═══ The input

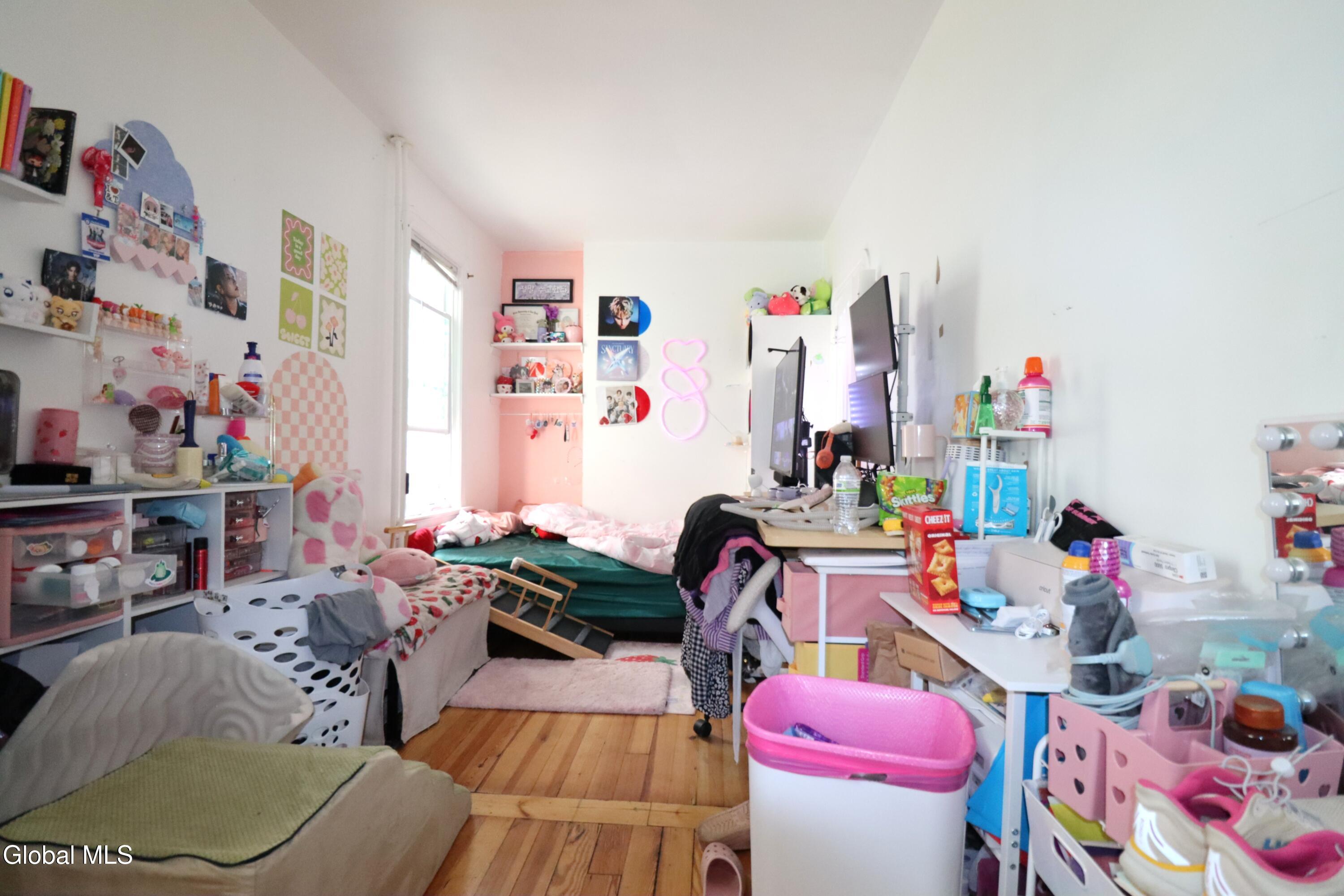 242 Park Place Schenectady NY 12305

══════
═══ The input

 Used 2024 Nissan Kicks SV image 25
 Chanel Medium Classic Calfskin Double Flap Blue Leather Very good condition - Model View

══════

**Exercise aim**
Please transcribe only the lines in the records above running from the line that has "Used 2024 Nissan Kicks SV image 25" through the line that has "Chanel Medium Classic", both included, exactly as they appear.

**Reply to the exercise**
 Used 2024 Nissan Kicks SV image 25
 Chanel Medium Classic Calfskin Double Flap Blue Leather Very good condition - Model View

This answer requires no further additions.